There are many people who advertise the ways to make money in the stock market, or buying property, yet strangely the percentage of the population who hit the really high wealth mark doing so, is very small. Who is really making money out of those trading plans and property investments? Over s series of posts I will discuss a few factors and present some opinions on this.

Unashamedly stolen from Marcus Today‘s education email sent to me in an effort to sign up over Christmas:

The concept for this article has been unashamedly stolen from Warren Buffet although it has been given an Australian flavour. He expounded the US version in a speech in 1984 commemorating the fiftieth anniversary of the book Security Analysis by Benjamin Graham and David Dodd, the bible of value investing.

He called his speech “The Superinvestors of Graham-and-Doddsville”. I’ve called it “Orangutans”.

Let me explain….

Imagine if you will a daily coin flipping contest conducted across the whole of the Australian nation. Everyone’s in. On the first day 21 million Australians flip a one dollar coin. The rules are that if you flip heads you stay in, if you flip tails you give your dollar to the ones who flipped heads.

Every day the losers drop out and the $21m pool of money is shared amongst fewer and fewer people.

After day one there should be around 10.5m people left in the game and each will have won a dollar. Doubled their money. In a day. Impressive.

This process goes on and every day the value of being in the game grows and the stakes rise for those left in.

Assuming the honesty of the losers, after ten days of flipping there will be around 20,500 people left in the game and each will have won just over $1,000. At this point there will be 20,500 people walking around Australia feeling pretty chuffed with themselves and their ability to turn one dollar into one thousand dollars in ten days. Even more impressive. And no doubt some of them would begin getting a bit of mileage out of their position, dropping it into the conversation at nightclubs, expounding their theories on how to throw heads at dinner parties and generally making hay. The media would be stirring and the water coolers abuzz with talk of the local hero still in the game.

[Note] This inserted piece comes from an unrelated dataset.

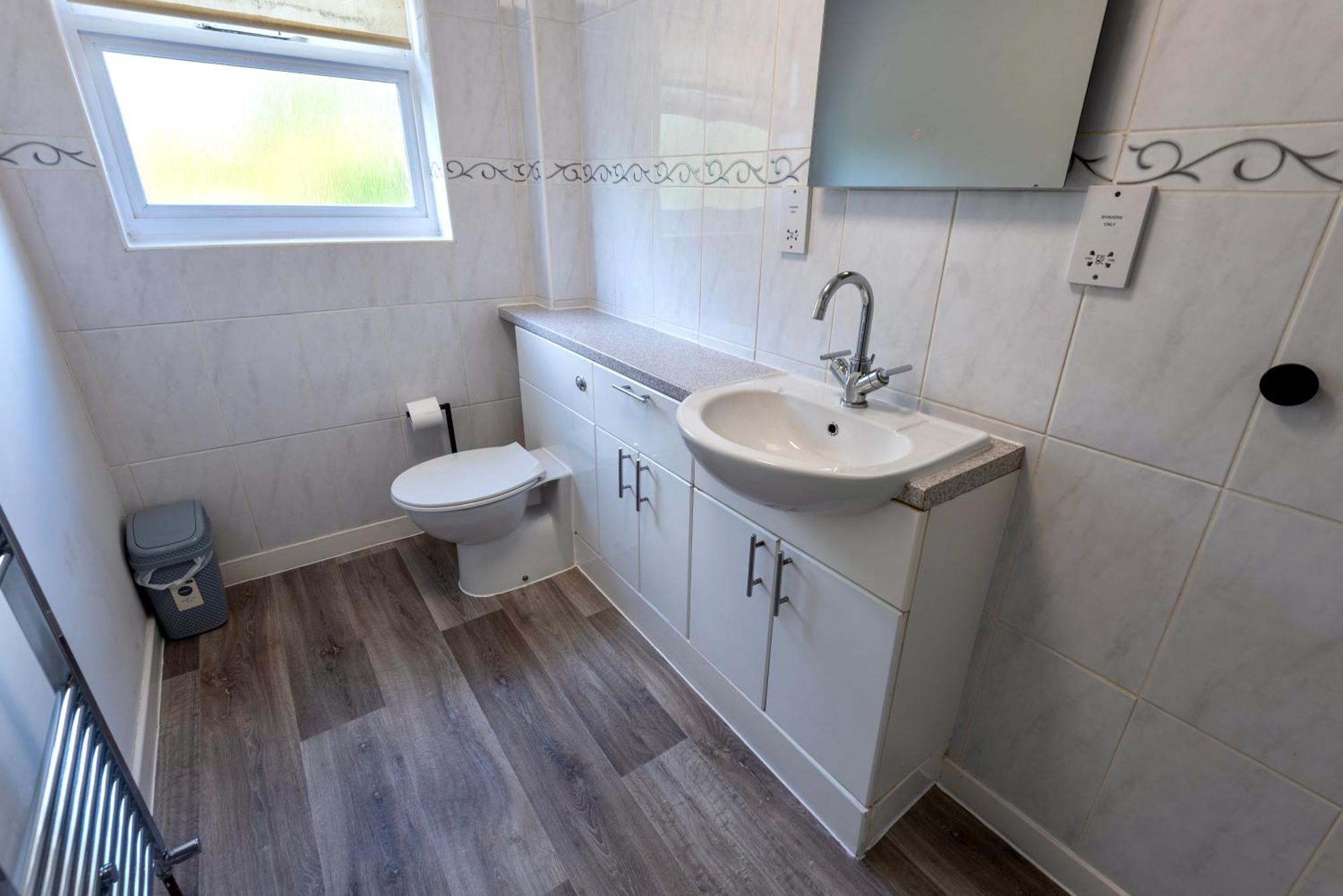 Double Room In Refurbished 5 Bed Home With Wifi And Tv BW Room 4 Σόλιχαλ Εξωτερικό φωτογραφία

Five days of flipping later and there would be 640 people left, each worth $330,000. Champions all. Another five days later and there would be just 20 people left.

By this stage, each flipper would have thrown heads twenty times on the trot and each would have cracked the magic sum of just over one million dollars each. From one dollar to millionaire in twenty days. Wow!

Stop the contest and Australia would be swarming over the twenty, the flipping “elite”. The “Smartest” flippers in the nation. And they would make global headlines. And they would write books.

“Flip for Success”. “20 Top Flips”. “The Psychology of Flipping”. “Flipping for Dummies”. “The Idiots Guide to Flipping”. “Rich Flipper Poor Flipper”. “The Way of the Flipper”. “Common Flips and Uncommon Profits”. “The Intelligent Flipper”. “Mastering Flipping”. “The Flipping Way”. “How I made one million flipping dollars in twenty days” and the most recent record busting bestseller of them all, “Coin Flipping Secrets” by Marcus “The Big Flipper” Padley. And we would buy them.

Others would arrange motivational seminars on how to own a  massive flipping portfolio starting with just one dollar. And the investment banks would launch capital guaranteed leveraged flipping products that charge you a hidden 16% before you make a dollar. And we would buy them.

And day flippers as well as long term flippers would flip online with E*Flip and CommFlip and the unsuspecting would trade highly leveraged “Contracts for Flippers”. And we’d suck up the message that “You can flip too” and flipping and flipping products would become part of our lives. And we’d buy ten CD Flipping Courses plus steak knives in three easy payments on a 1300 number on the late night infomercial channel.

And all the time the irrefutable proof of the benefits of flipping would be the 20 sophisticated flippers each of whom had turned one dollar into one million dollars and sparking the whole flipping industry and all its flipping marketing.

But of course what the marketing won’t tell you is that the results would have been exactly the same had twenty one million Orangutans been doing the flipping – but then who would buy a product from a flipping Orangutan.